Director-General's Office

Address to the Executive Board at its 140th session

Dr Margaret Chan
Director-General of the World Health Organization

Geneva, Switzerland
23 January 2017

Mister Chairman, distinguished members of the Executive Board, Excellencies, colleagues in the UN system, ladies and gentlemen,

You have an especially heavy agenda plus the added responsibility of shortlisting and nominating candidates for the post of Director-General.

Last week’s World Economic Forum identified rising wealth inequality as the most significant trend that will shape global development over the next ten years.

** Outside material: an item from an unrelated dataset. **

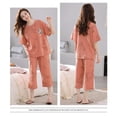 thumbnail image 4 of Pyjama d'Été Deux Pièces pour Femmes, Manches Courtes, Grande Taille, Tenue de Détente, 4 of 4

In a world facing considerable uncertainty, international health development remains a unifying force and a solid reference point for delivering fair social outcomes under the 2030 Agenda for Sustainable Development.

Key WHO achievements over just the past few months illustrate the range of our work and its impact on the lives of people, especially vulnerable groups.

At the start of this year, WHO and the US National Cancer Institute published a landmark report on the economics of tobacco and tobacco control. At nearly 700 pages, this is a definitive assessment, prepared by more than 60 authors and peer-reviewed by an additional 70 experts.

You will have seen the headlines. “Smoking costs the global economy more than $1 trillion yearly.” “Smoking will soon kill more than 6 million people worldwide each year.”

The report shows how tobacco control, including significant tax increases on tobacco products, can save lives while also generating revenues for health and development.

As documented, the economic losses caused by smoking far outweigh global revenue from tobacco taxes, estimated at nearly $270 billion in 2013-2014. If all countries raised cigarette taxes by about 80 cents per pack, annual tax revenues could increase by 47%, amounting to an additional $140 billion per year.

The overarching conclusion is stark: tobacco control makes good economic sense and does not harm economies. The evidence is abundant and compelling. It ought to put an end to one of the tobacco industry’s most frequent and effective arguments.

Ministers of health are convinced by the evidence. I ask you to be vocal in persuading ministers of finance, trade, foreign affairs, and others not to be swayed by the tobacco industry’s false claims.

It takes courage to issue reports that antagonize powerful economic operators. Economic power readily translates into political power. It falls to WHO to do this. If we fail to accept this responsibility, we will never make sufficient progress against lifestyle-related noncommunicable diseases.

Health inequalities are often aggravated by the high price of medical products.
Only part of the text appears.